Ads Top


Ada banyak bangunan hebat namun misterius di dunia ini, yang berasal dari masa lalu. Salah satunya adalah Stonehenge, sebuah monumen yang telah dibangun ribuan tahun lalu, namun masih dapat disaksikan sampai masa sekarang. Bangunan Stonehenge tidak hanya mempesona, namun juga misterius.

Stonehenge dianggap mempesona, karena bangunan monumen itu menggunakan batu-batu luar biasa besar, dan orang-orang zaman sekarang pun bertanya-tanya, “Bagaimana orang-orang di zaman dulu membawa batu-batu tersebut, padahal belum ada sarana yang memungkinkan?”

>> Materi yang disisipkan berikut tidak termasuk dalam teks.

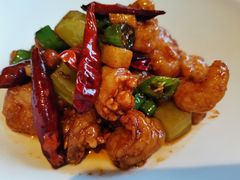 -我是那个大叔·美食研究所(新塘路店)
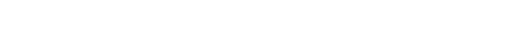 Font preview for Egindal Gindul - Sexy Script
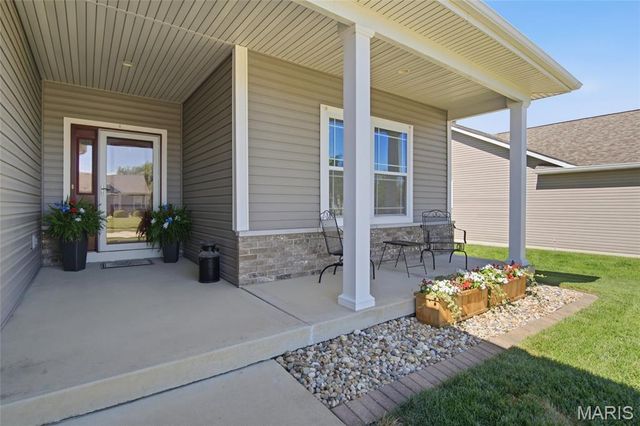 608 Willowbrook Way, O'fallon, IL 62269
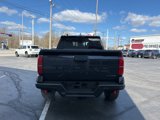 New 2025 Toyota Tacoma TRD Pro image 3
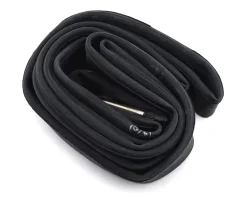 Sunlite Standard 650c Inner Tube (Presta) (18 - 23mm) (48mm)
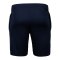 Nike Park 26 Short Blau F410 - blau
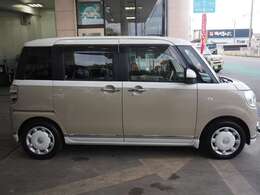 （株）あっぷる関西は業界経験者多数！！新車ディーラー営業・大手中古車ディーラー営業・新車ディーラー整備士など、豊富な知識と経験をお客様の車選びや納車後のサポートをお手伝いさせて頂きます。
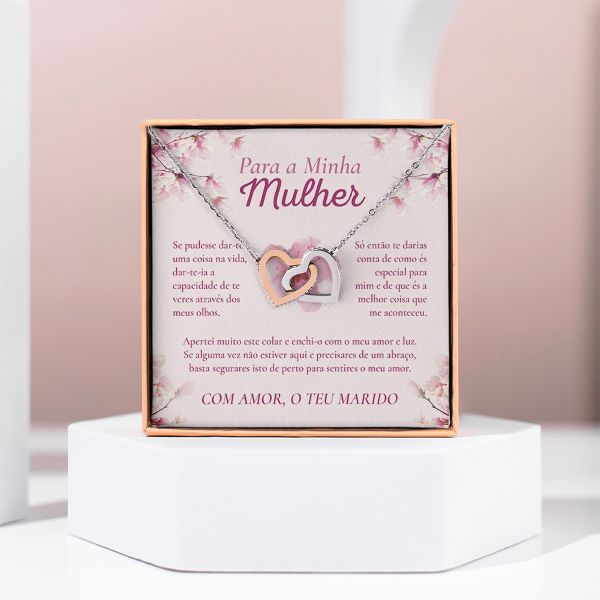 EVIE_HEARTS_12.5.2023_MASA_PT_1000x1000px_V2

Juga misterius, karena selama berabad-abad, siapa pembuat Stonehenge tak pernah terungkap.

Kini, pertanyaan tentang asal muasal Stonehenge yang membingungkan mulai terungkap. Ilmuwan dan peneliti mulai bisa memperkirakan siapa yang mendirikan formasi batu besar tersebut.

Christophe Snoeck, dari Oxford, bersama rekan-rekannya dari Université Libre de Bruxelles & Vrije Universiteit Brussel dan Muséum National d'Histoire Naturelle de Paris, juga tertarik memecahkan misteri tersebut.

Untuk itu, mereka melakukan penelitian menggabungkan penanggalan radiokarbon, dengan metode baru dalam analisis arkeologi, untuk mengungkap misteri terkait siapa yang membangun Stonehenge.

Tim peneliti kemudian menganalisis tulang tengkorak dari 25 orang yang dikremasi dan dikubur di sekitar Stonehenge, untuk mengetahui latar belakang mereka. Pemilihan tulang tengkorak ini berdasarkan analisis fragmen kecil tulang manusia yang dikremasi pada fase awal situs tersebut, sekitar 3000 SM.

Hasil analisis itu menunjukkan bahwa setidaknya ada 10 hingga 25 orang yang tinggal di Stonehenge pada masa tersebut. Artinya, tulang tengkorak itu ditemukan di Aubrey Hole, 56 lubang yang saling terhubung di sekitar lingkar dalam dan parit Stonehenge, dan mereka kemungkinan pembuat situs tersebut.
Dalam temuan terbaru, terlihat bahwa 10 dari 25 tulang tengkorak yang diteliti bukan berasal dari daerah sekitar Stonehenge. Selain itu, mereka menemukan kandungan isotop strontium yang tinggi pada kesepuluh tulang tengkorak tersebut.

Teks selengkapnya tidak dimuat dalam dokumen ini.